Not having sex. Just being together.

Boston made a low growling sound in the back of his throat.

Whirling, she caught him staring at her behind, a feral gleam in his eye.

Shelby stuck the overnight bag behind her back, so her butt was covered with olive canvas.

“That just makes your br**sts stick out,” he told her.

Before she could finish a gasp, he moved to her dresser and started inspecting the objects scattered over it. Her fingers twitched with the urge just to grab everything he picked up right back out of his hand.

It was absolutely unbelievable to her that Gran had not said a single word in protest when Boston had followed her upstairs. Her grandmother had always been a stickler for Shelby not having boys in her bedroom. But then again, she was a grown woman and Gran had offered birth control advice.

“You’re very neat.” He said it like he was surprised.

Shelby went to her closet and pulled a couple of T-shirts off metal hangers and stuffed them in her duffel bag. “Why does that shock you?”

“You don’t exactly treat your clothes with reverence.” He nodded at the duffel bag.

The unmistakable feeling of a blush stole over her cheeks. “Some of us wear clothes to keep from getting sunburned and to show a measure of modesty, not to make a fashion statement.”

His lip twitched. “There’s functional and then there’s just ugly.”

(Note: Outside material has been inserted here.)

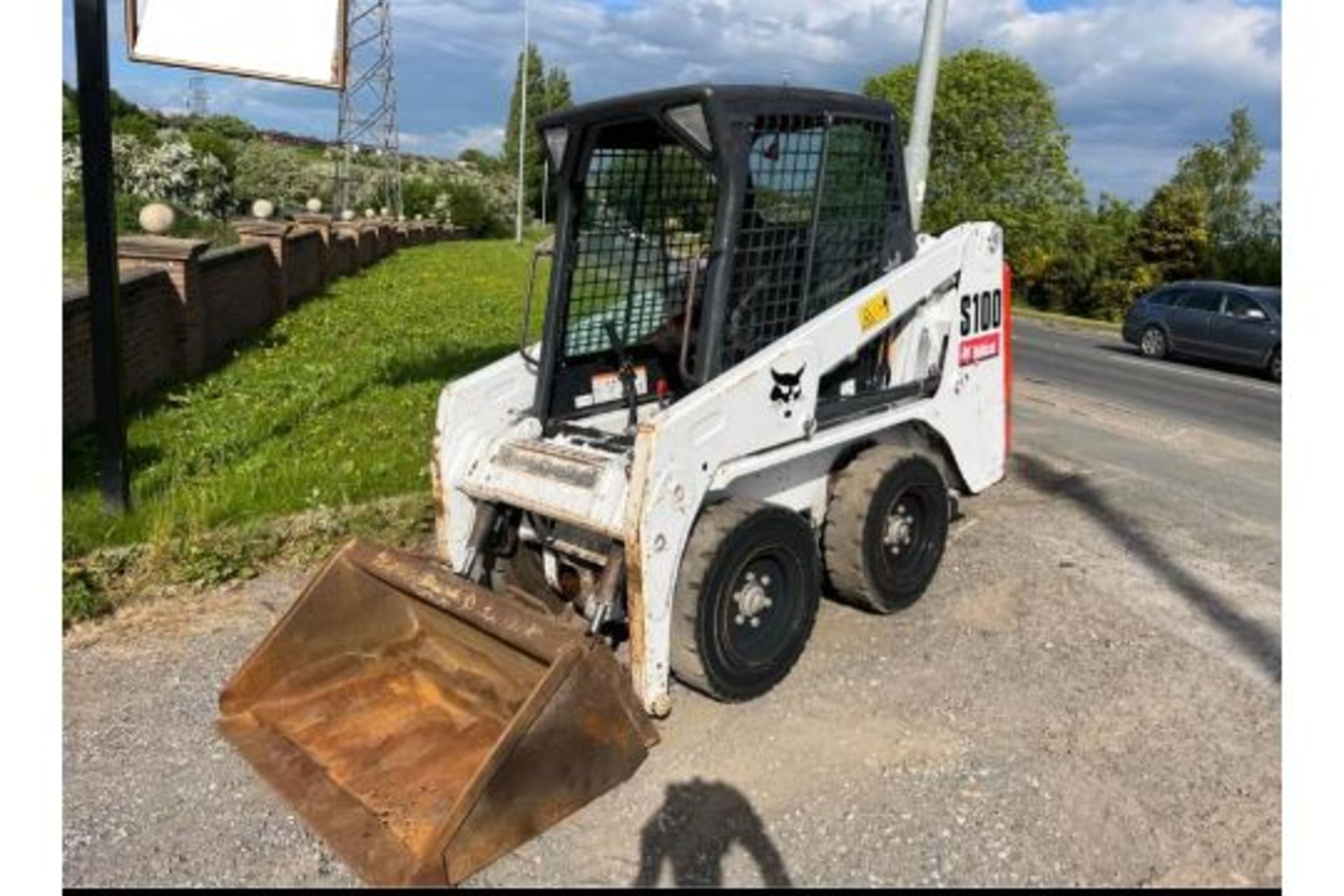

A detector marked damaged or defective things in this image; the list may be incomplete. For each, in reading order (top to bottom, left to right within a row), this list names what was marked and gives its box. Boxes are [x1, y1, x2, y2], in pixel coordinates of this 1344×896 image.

Shelby wanted to get her bras and panties from the dresser, but there was no way she was doing that with him standing right there. She nudged him out of the way, opened her shorts drawer, and pulled out a pair.

“Of course, I’d be happiest to see you out of your clothes.”

Though his words sent heat rippling through her, she glared up at him. “Are you trying to talk me out of this?”

“Of course not.” He caressed the ceramic angel on her dresser. “I like seeing this side of you.”

“The one that’s griping at you? You see that all the time.”

“No, this softer side. Angels, antique perfume bottles, floral chairs, and a lacy bedspread.” Without warning, he opened the top drawer with one sharp yank. “I bet you have whimsical panties, don’t you?”

Somehow instinctively he’d picked the one drawer Shelby didn’t want him in, and she refused to let him see the satin push-up bras and barely there panties shoved to the back. Moving slowly so as not to alert him, she scoffed. “You’ve seen my panties. They’re cotton and I’ve never thought of cotton as whimsical.”

She started to pick out her biggest, softest, most faded pair when Boston’s big hand slid past hers. Those hands with the sprinkling of dark hair on the backs of them shifting through all her underwear disturbed her. That seemed nearly as intimate as sex.